= Pleione (mythology) =

Greek Oceanid

Pleione (Πληιόνη or Πλειόνη or Πλειόνη; /en/ or /en/, ply-OH-nee or plee-OH-nee) was an Oceanid nymph in Greek mythology and mother of the Pleiades. Pleione presided over the multiplication of the flocks, fitting, since the meaning of her name is: "to increase in number" (from the Greek word pleiôn πλεῖων "more").

== Family ==
Pleione was the daughter of Oceanus and Tethys who were the Titan God and Goddess of bodies of water.

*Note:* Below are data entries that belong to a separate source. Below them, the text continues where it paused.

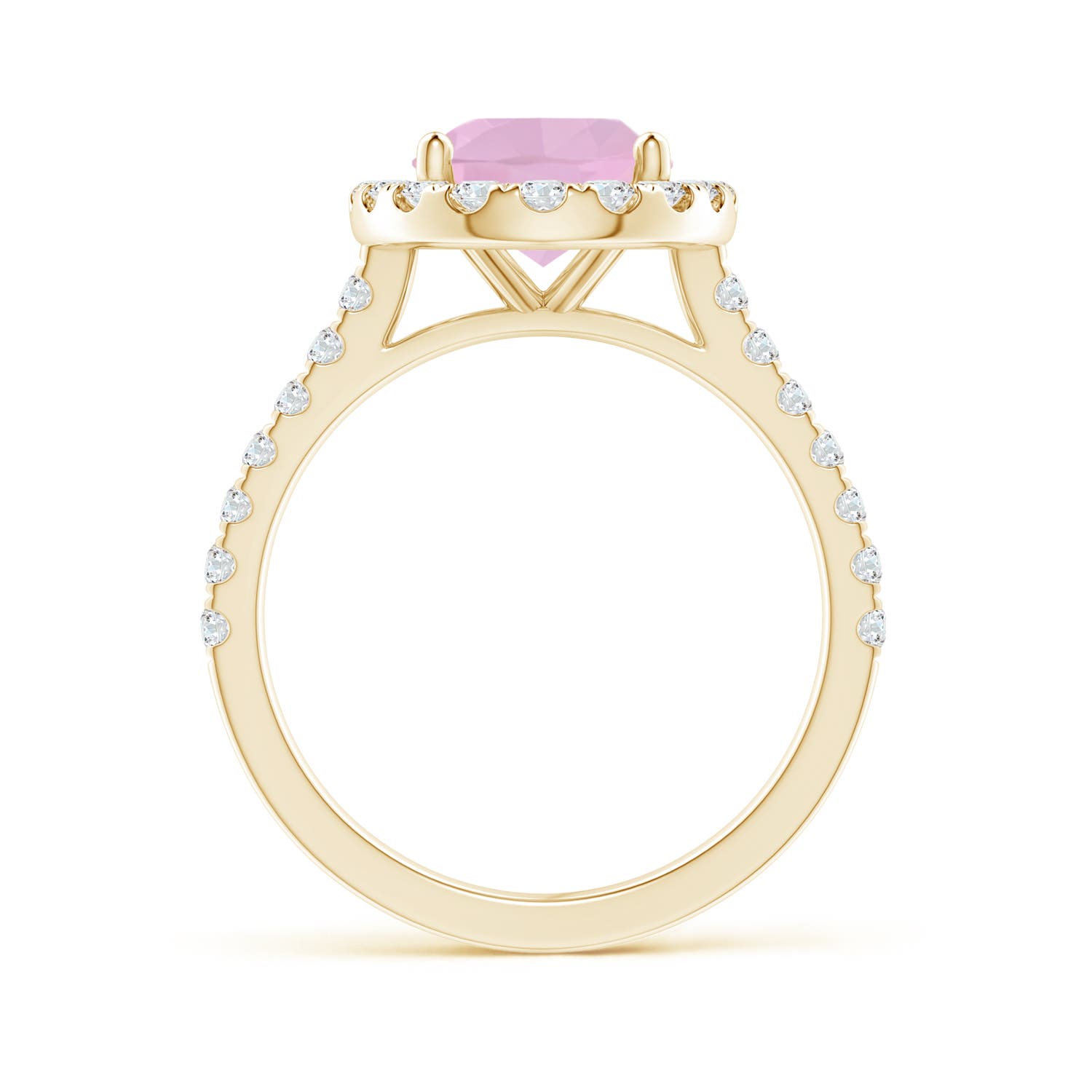 AAAA - Rose Quartz / 2.87 CT / 14 KT Yellow Gold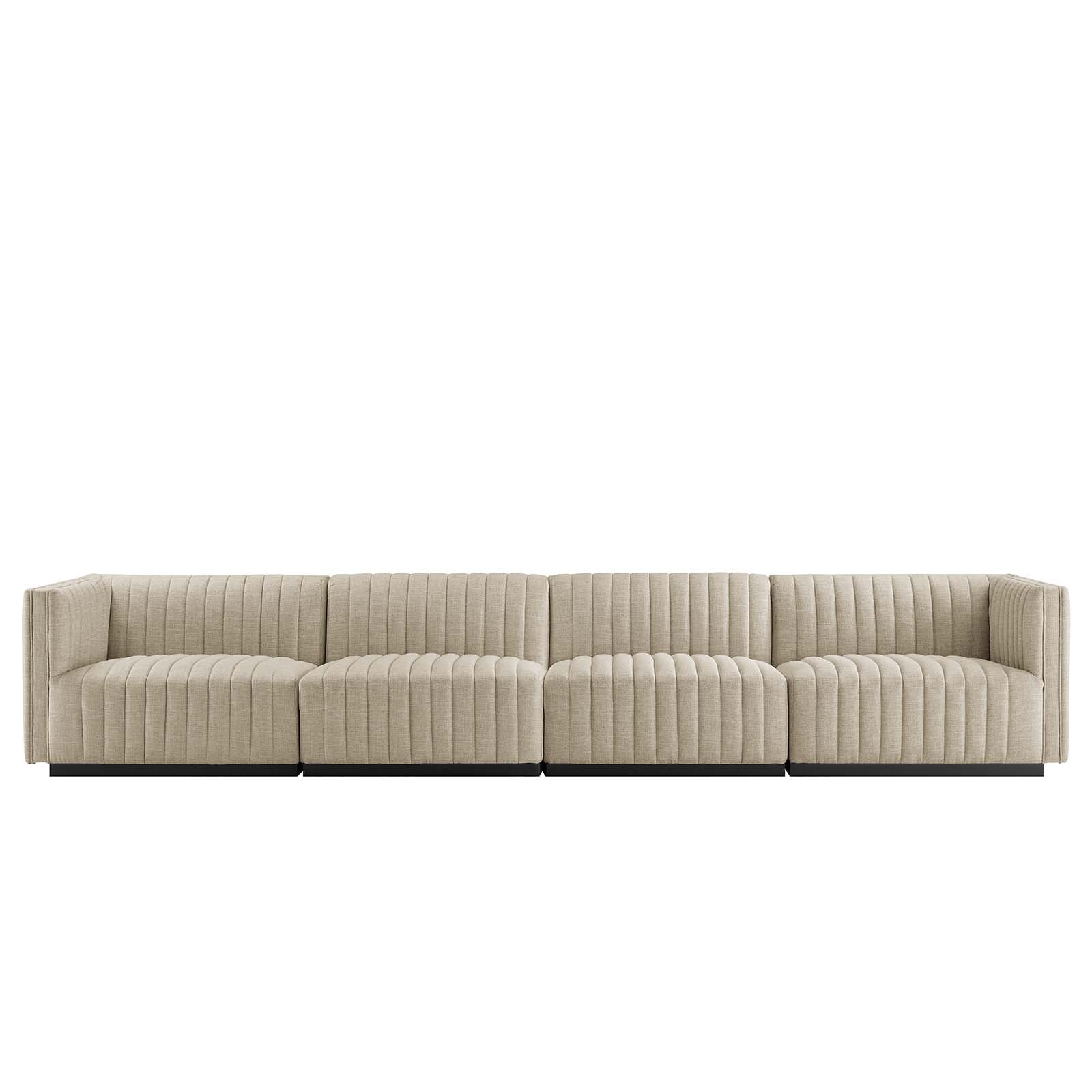 Modway Sofas & Couches - Conjure Channel Tufted Upholstered Fabric 4-Piece Sofa Black Beige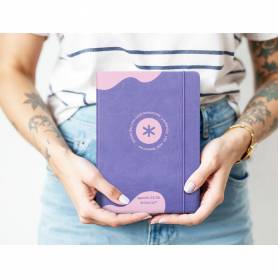 Agenda escolar antartik 25-26 encuadernada go! simil piel morado semana vista a5 bilingüe papel fsc 80 gr - LP657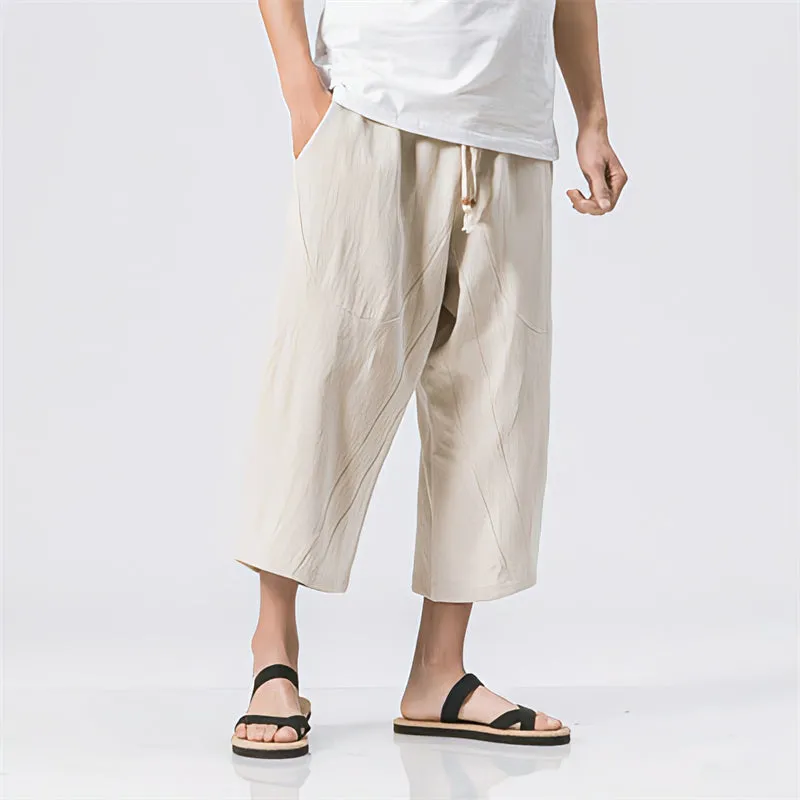 Summer Men's Japanese and Korean Style Cotton linen Loose Shorts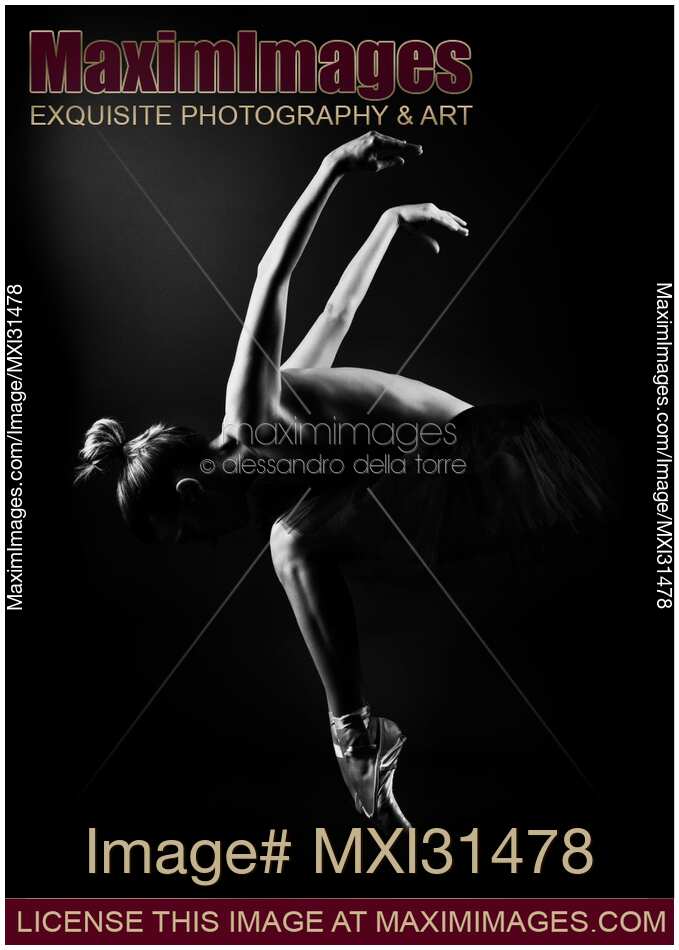 Woman dancer in a black tutu black and white artistic nudes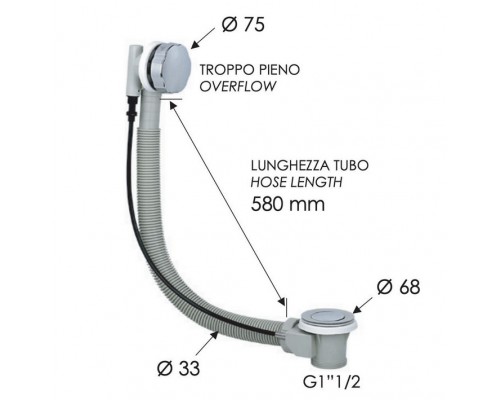 Слив-перелив полуавтоматический для ванны Remer 96P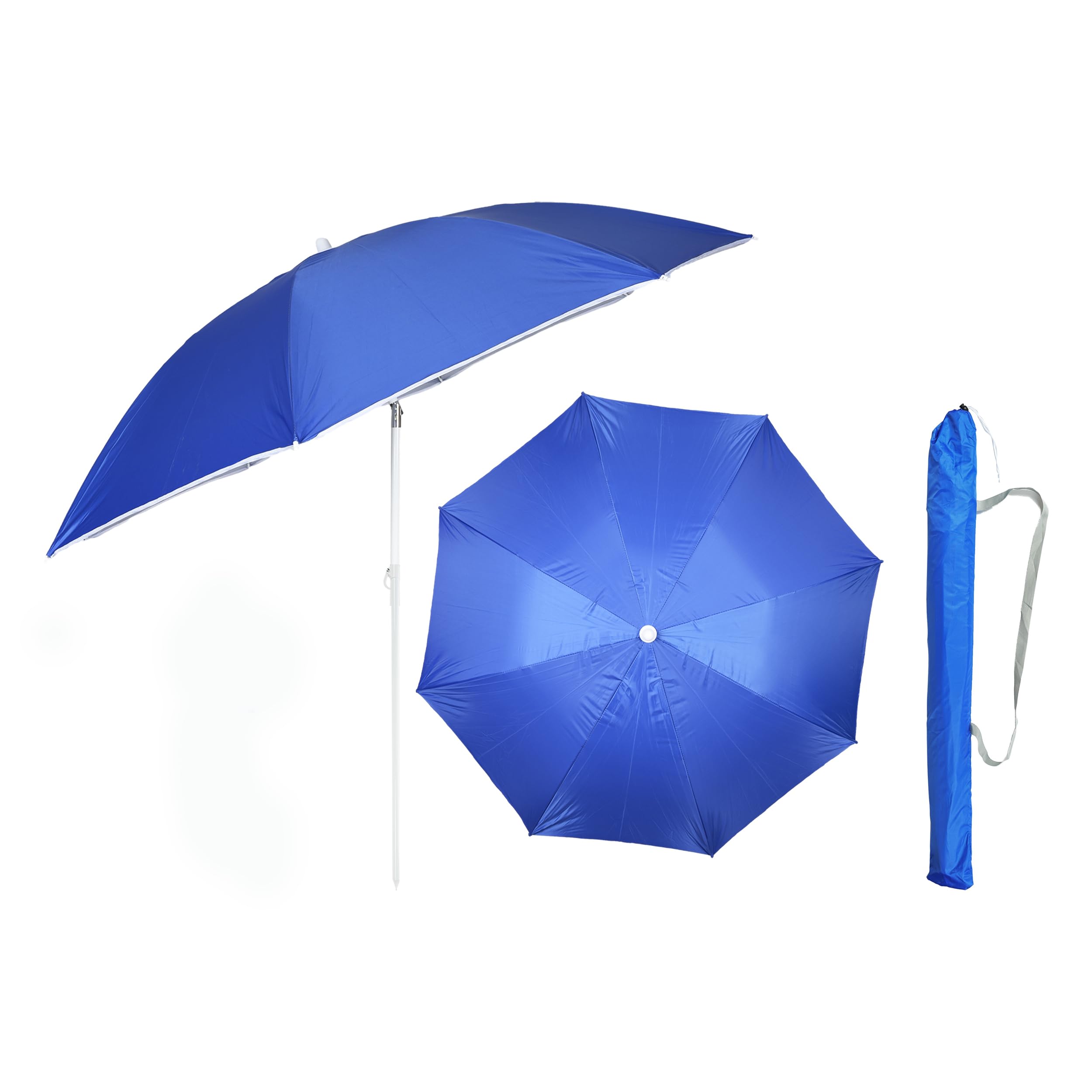 Etrexonline Sombrilla de Playa Premium, Mástil de Acero, Protección Solar UPF+50, Antiviento, Inclinable, Varillas de Fibra de Vidrio, Ligera.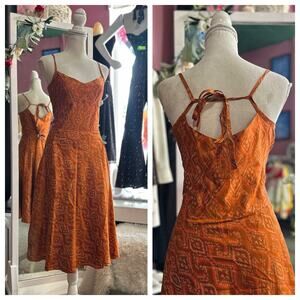 Banana Republic Rust Orange Sunset Silk Dress Swing Silk Vtg Style Sleeveless M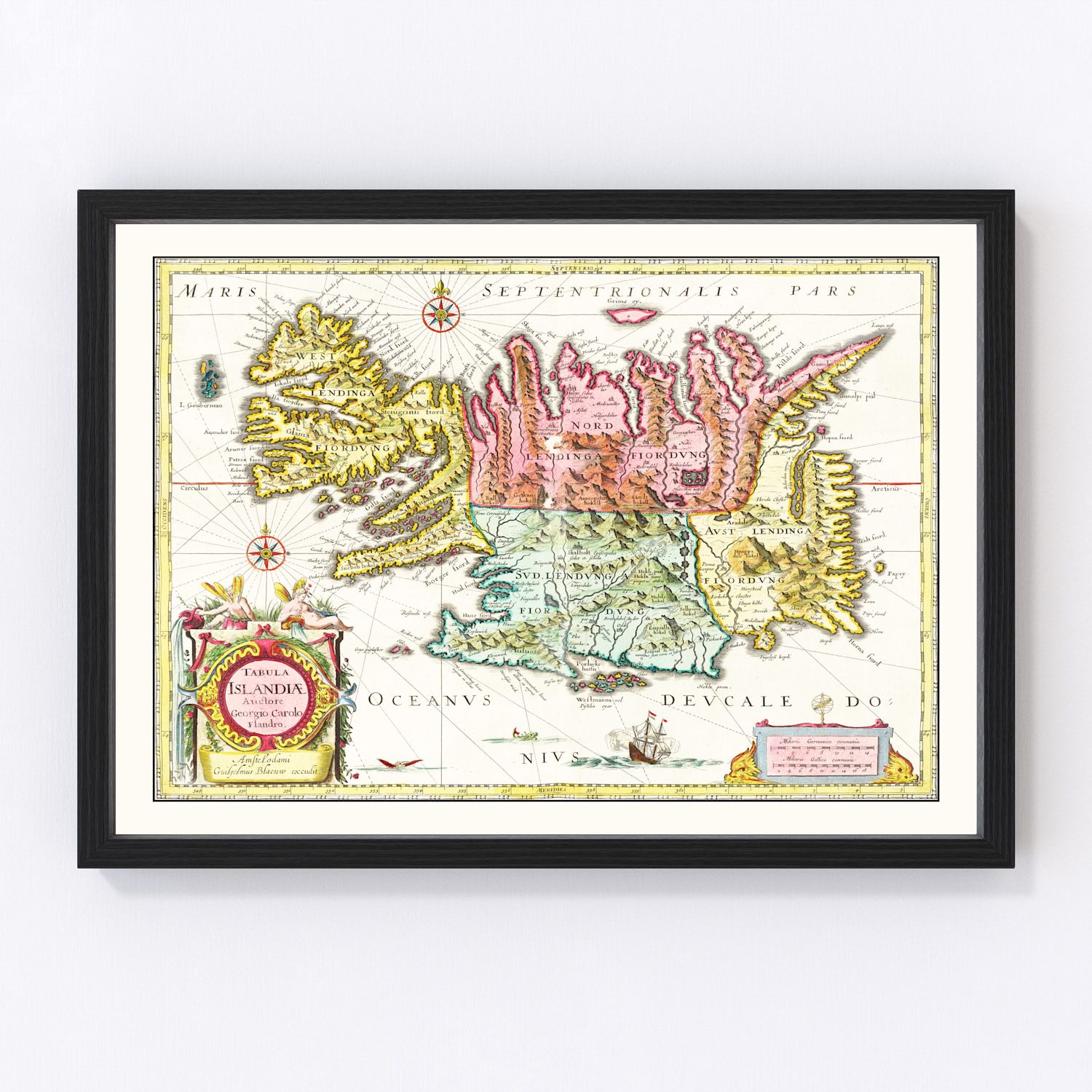 Vintage Map of Iceland 1665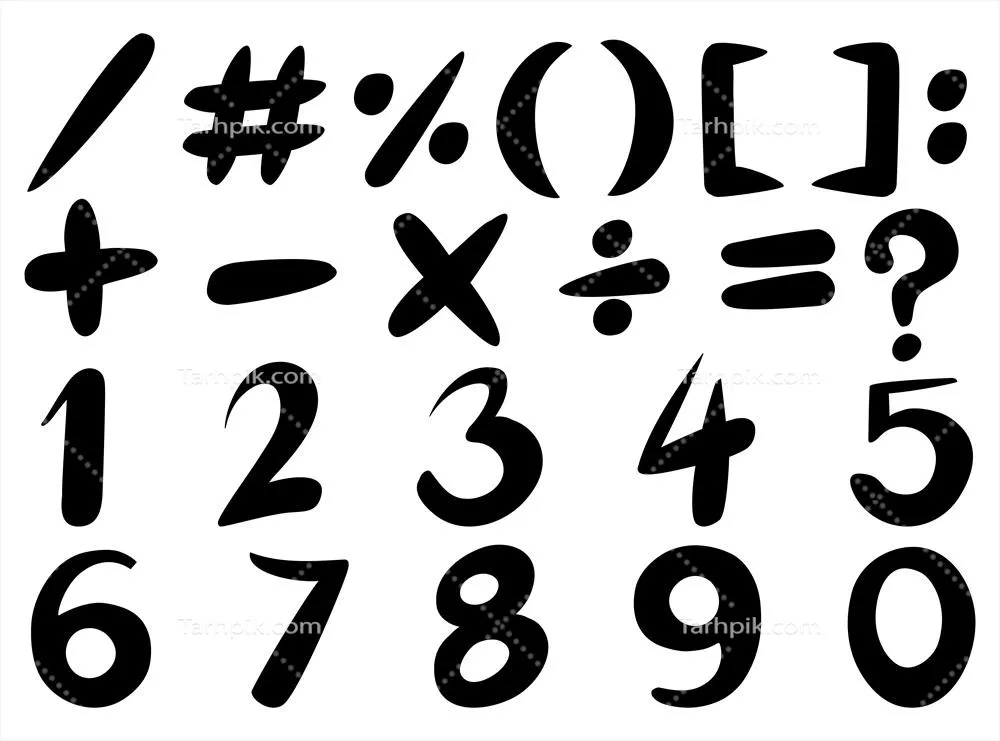 وکتور طراحی فونت برای اعداد و نشانه‌ها با الگویی سیاه و کم‌رنگ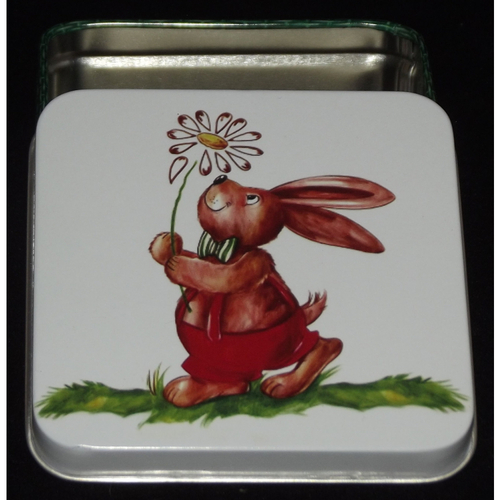 Hase Blume Wei�blechdose Osterhase 87x87x40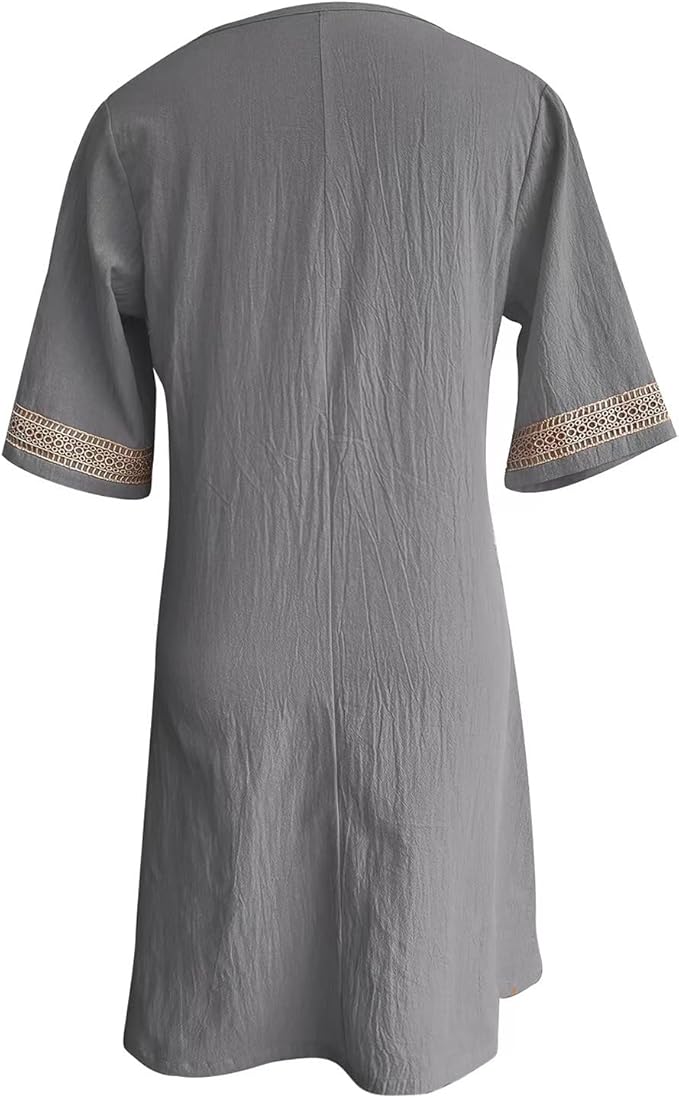 Casalina™ – Breezy Linen Summer Dress with Embroidered Details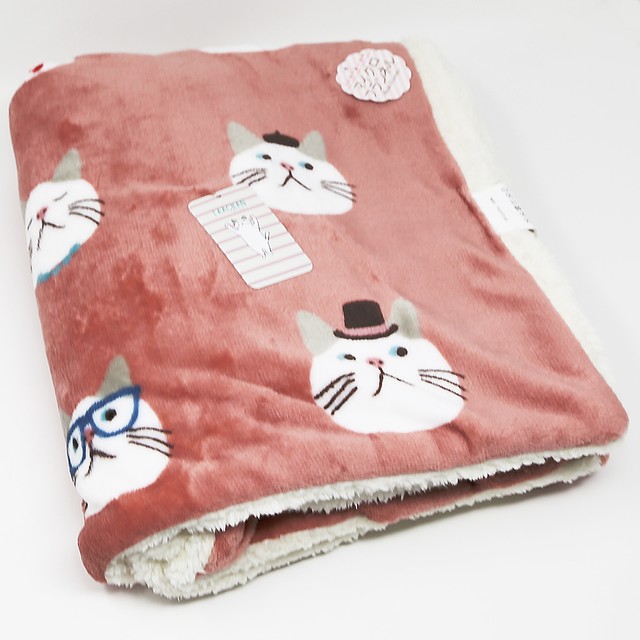 猫ブランケット オメカシターチャンひざ掛け ピンク マスノヤ衣料品店 マスノヤ猫雑貨店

Pleione was mother to seven daughters, known as the Pleiades. Their names were: Maia, Electra, Taygete, Alcyone, Celaeno, Sterope and Merope. She is often said to be the mother of Calypso with Atlas as well.

Among her grandchildren were the god Hermes and the demigod Iasion.

==Mythology==
Pleione lived in a southern region of Greece called Arcadia, on a mountain named Mount Cyllene. She married the Titan Atlas and gave birth to the Hyades, Hyas and the Pleiades. She was also the protectress of sailing.

In some accounts, when Pleione once was travelling through Boeotia with her daughters, Orion who was accompanying her, fell in love with the mother and tried to attack her. She escaped but Orion sought her for seven years and couldn't find her, until at last, Zeus pitying the girls, changed them into stars which still continue to fly from Orion.

==Namesake==
- The star Pleione is named after her.
- A small genus of (predominantly terrestrial) orchids (Pleione) is named after her.